2. Objetivos: Quais são os propósitos imediatos deste grupo? Quais são os intuitos a médio e a longo prazo? Quais são as metas decorrentes destes objetivos? Qual é o prazo de realização das metas? Quem são os responsáveis por estas metas? Quem apoia os responsáveis por estas metas? É importante que nem uma tarefa fique 100% na mão de uma

pessoa, mas que haja sempre um apoiador que auxilie, seja compondo a tarefa, ou perguntando como vai o andamento desta. 

3. Estratégia e tática: Primeiramente é importante distinguir que estratégia política é o que vemos escrito em nossas resoluções. É a condução geral da guerra. Estratégia militar é a condução das operações militares. Tomemos como estratégia aqui algo próximo à estratégia militar: Qual é o método para alcançar estes objetivos? Como e onde alocar os recursos, as pessoas e o tempo disponível? A tática por sua vez é uma técnica ou ação específica para implementar a estratégia. Esta deve ser flexível às condições. 

4. Métricas de desempenho: Como vamos medir o sucesso, ou o fracasso de uma ação? Através delas iremos mensurar a eficácia da ação. Régua para medir o cumprimento de nossos objetivos. 

5. Cronograma: Gráfico de ação contra o tempo realizável. 

6. Prática: colocar o plano em ação. 

7. Análise e revisão: A partir da análise através das métricas podemos decidir se alterarmos a nossa tática, ou as métricas de desempenho. 
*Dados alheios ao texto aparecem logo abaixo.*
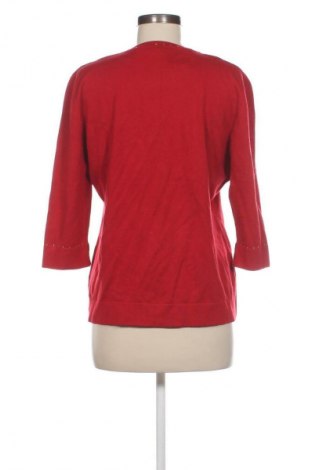 Damenpullover Unbranded, Größe L, Farbe Rot, Preis 6,99 €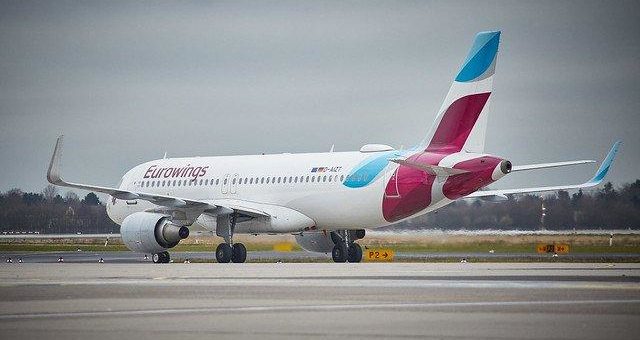 „Wir geben Acht auf dich“: Eurowings Video zeigt Schutzmaßnahmen entlang der gesamten Reisekette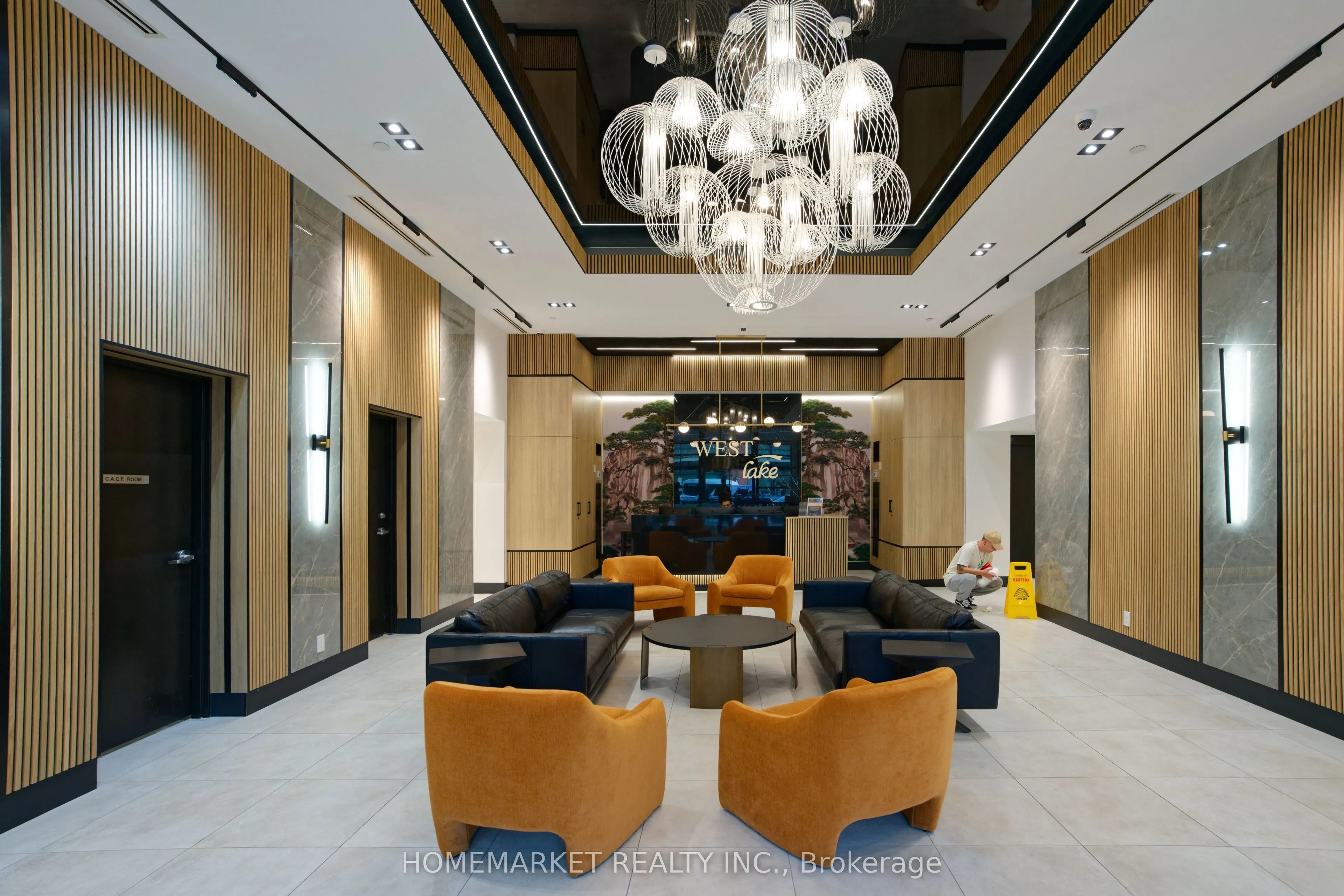 2220 Lake Shore Boulevard W, #4308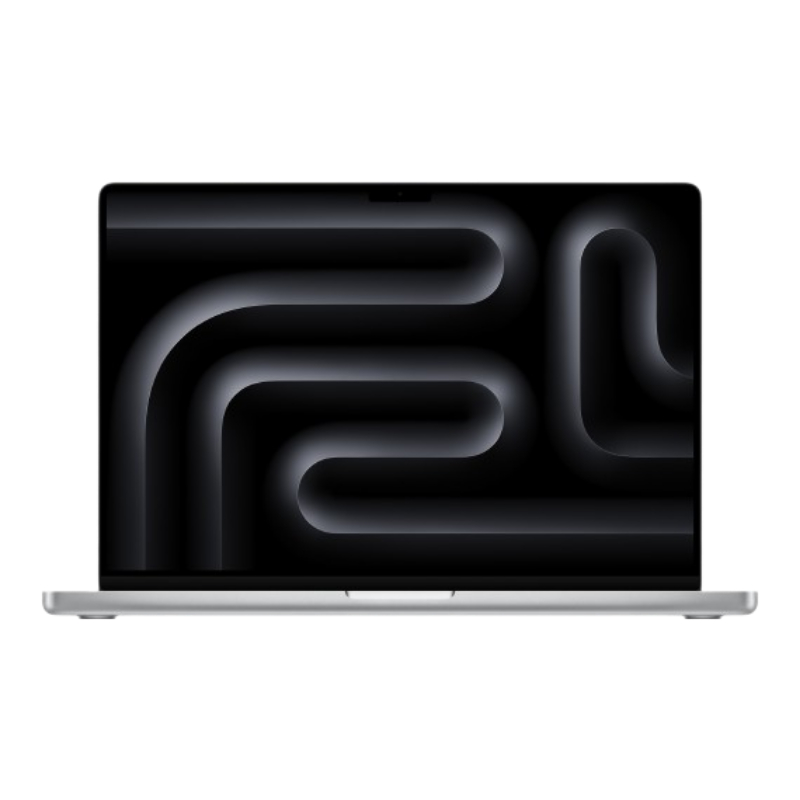 MACBOOK PRO APPLE 16" M4 MAX 14CORE CPU+32CORE GPU 36GB 1TB SILVER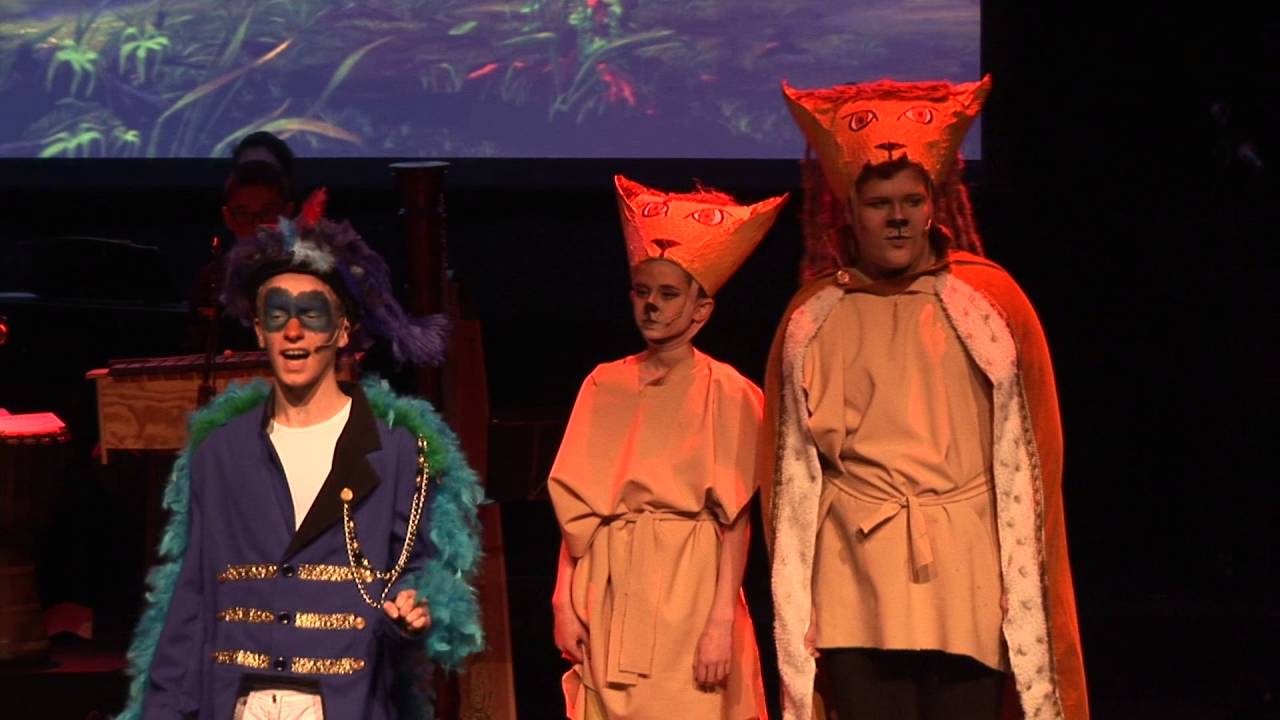 03 kringloop van het leven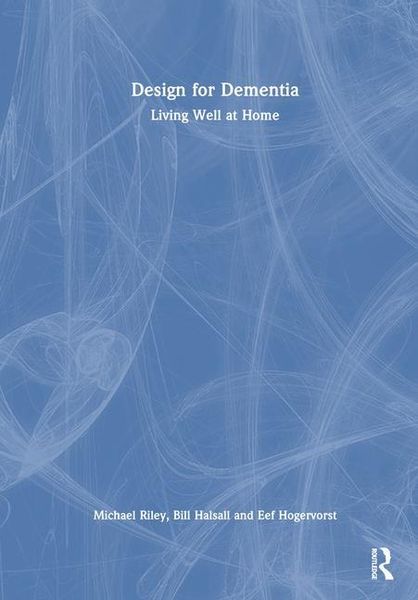 Produktbild: Halsall, B: Design for Dementia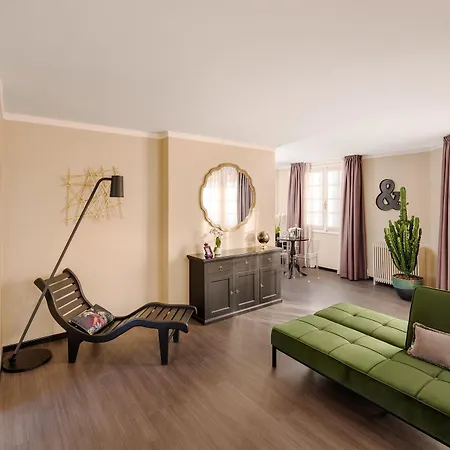 Mentana, By R Collection Hotel Milan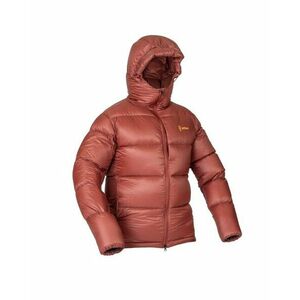 Patizon Jachetă de iarnă pentru bărbați în puf ReLight 200, roșu închis imagine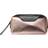 Gillian Jones Beauty Secrets Purse - Gold Metallic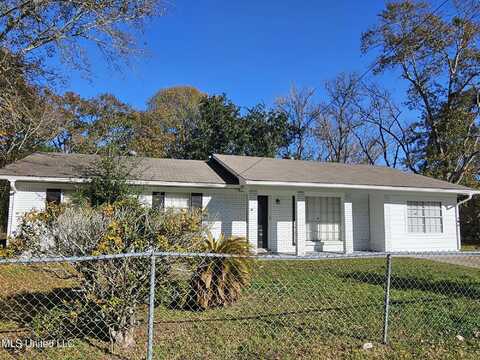 3411 New York Avenue, Pascagoula, MS 39581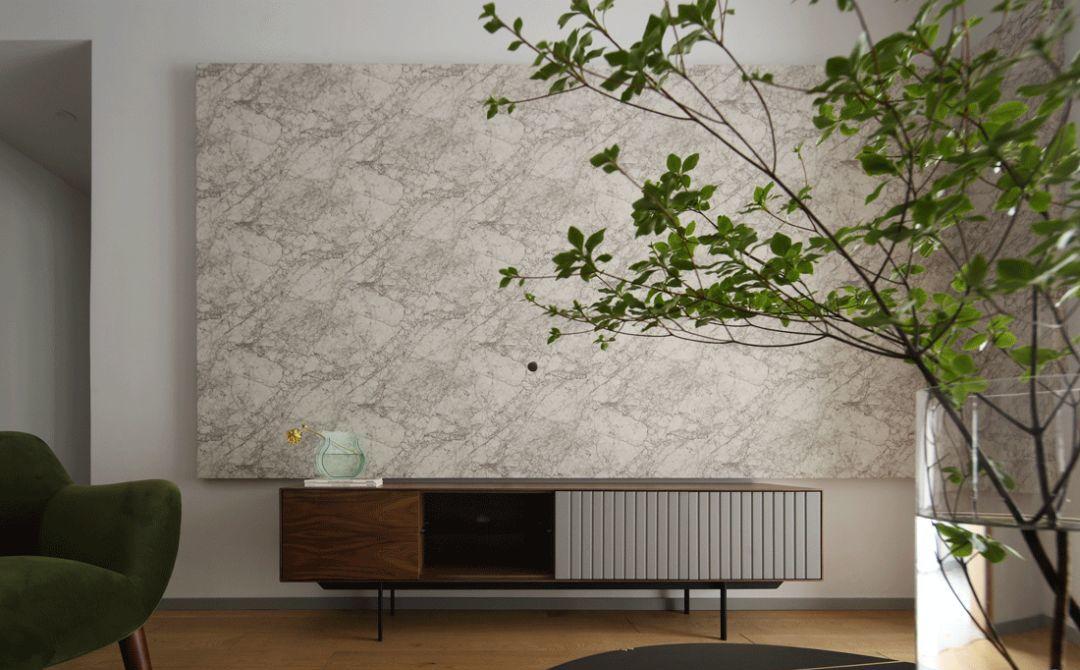 一屋温柔典雅好气质|清羽设计-4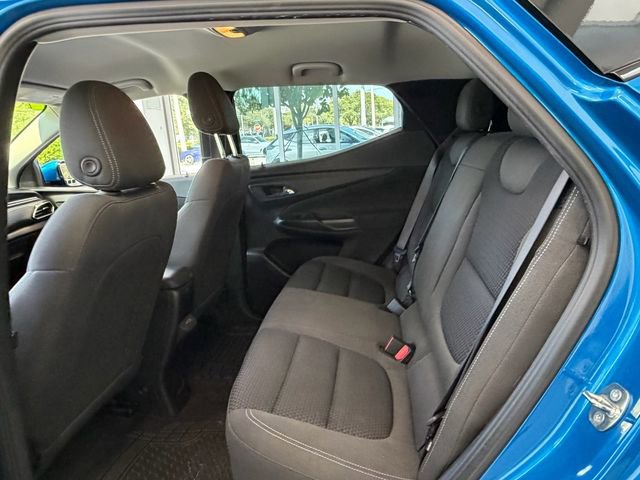 Used 2023 Chevrolet Bolt EUV LT w/ Driver Confidence Package FWD image 7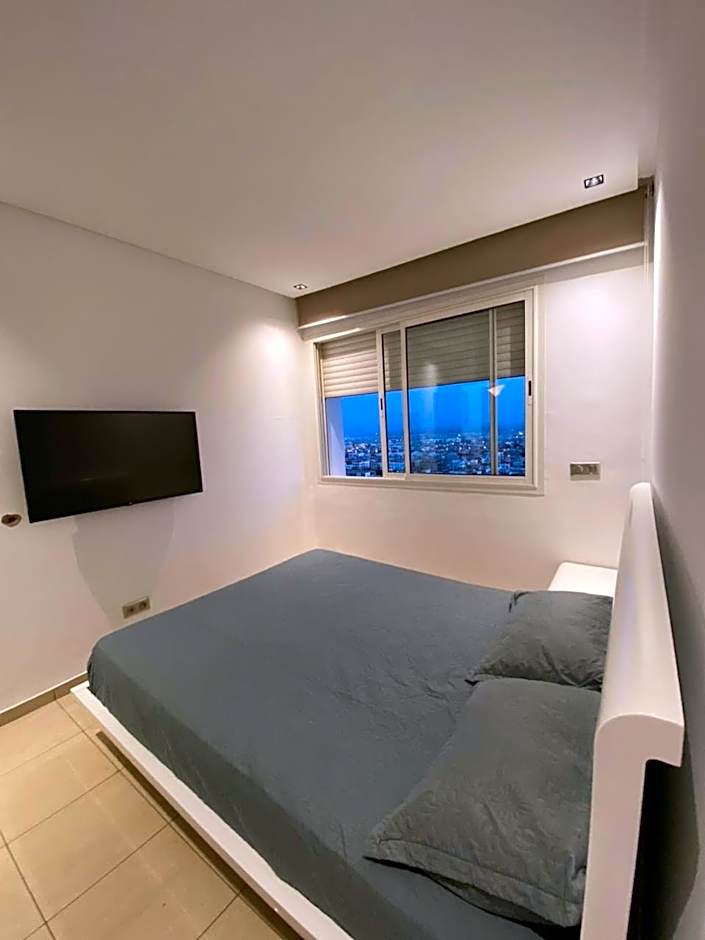 Islane bay apartment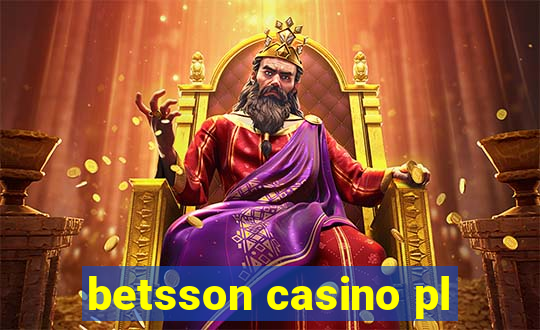 betsson casino pl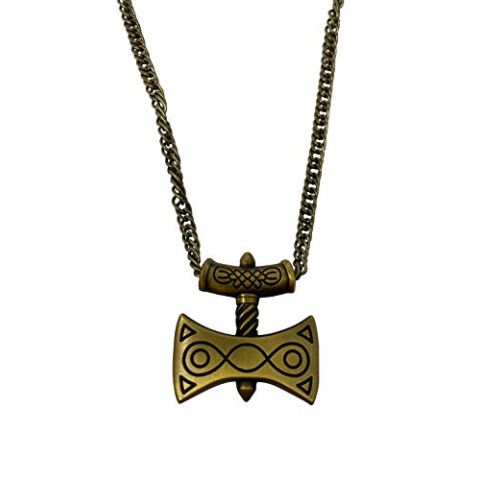 Skyrim Amulet of Talos Limited Edition Necklace (New)
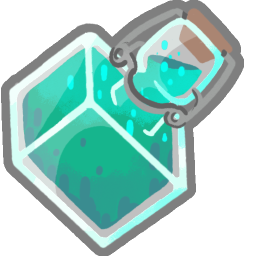 迅捷药水 potions icon in Slay the Spire 2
Sendo assim, conseguimos listar os agentes envolvidos direta ou indiretamente em nossas ações? Se a polícia é acionada, sabemos qual é o batalhão responsável por atender esta ocorrência? Quem é o seu comandante? Temos recursos para acompanhar o rádio da PM? Até quando ficaremos reféns da boataria que desorganiza nossas fileiras? O diagnóstico identifica os elementos que controlamos e que não controlamos, diretos e indiretos, internos e externos. 

O planejamento estratégico não exime o erro, mas minimiza e nos deixa conscientes de como jogar com ele. Ele também auxilia na divisão das tarefas. 

Considerações finais 

As ideias aqui explanadas vem sendo latentes nos últimos 2 anos de estudo do teatro e da ciência militar. Recomendo então algumas leituras a quem interessar: “A Arte da Guerra” de Sun Tzu, “Da Guerra” de Clausewitz, “Manual do Guerrilheiro Urbano” de Carlos Marighella, “A Propósito dos Métodos de Direção” de Mao Zedong, “O Centralismo Democrático de Lenin” e “O que fazer” de Lenin, “O arco-iris do desejo”, “Teatro legislativo”, “Teatro do oprimido e outras poéticas políticas” e “Exercícios para atores e não atores” de Augusto Boal, “De Re Militari" de Marius Vegetius Renatus, “Uma história da guerra” de John Keegan, “Mujeres y guerra en Guatemala y Chiapas” de Silvia Soriano Hernández, “Sobre a agitação” de J. Martov e A. Kremer, e “O livro dos cinco anéis” de Miyamoto Musashi. 

Recomendo também a busca no Spotify pelo curso para a formação de oficiais superiores da marinha brasileira chamado CEMOS. 

Um ponto importante, que ficou de fora nesta tribuna, é a atenção no tempo de fala de cada militante dentro de uma reunião. É costume da nossa atuação a fala ficar concentrada em um militante mais “avançado”, o que causa desgaste em todo o grupo. Existem métodos de reunião que podem auxiliar na diluição da palavra entre o grupo. Em nosso núcleo diversas vezes os militantes do Teatro foram elogiados por promoverem a dinâmica da fala entre os presentes. Algumas vezes só era necessário fazer uma meditação inicial para concentrar o grupo, outras era preciso perguntar a cada um uma opinião sobre o tema em debate, ou até instauração de jogos teatrais. Para uma atuação assertiva é preciso que de perto vejamos de fora, e de longe olhemos como se estivéssemos perto.

Os pensamentos aqui compartilhados continuam em desenvolvimento, agradeço a todo e qualquer comentário. Somos teatro, pois somos atores e espectadores de nossos corpos.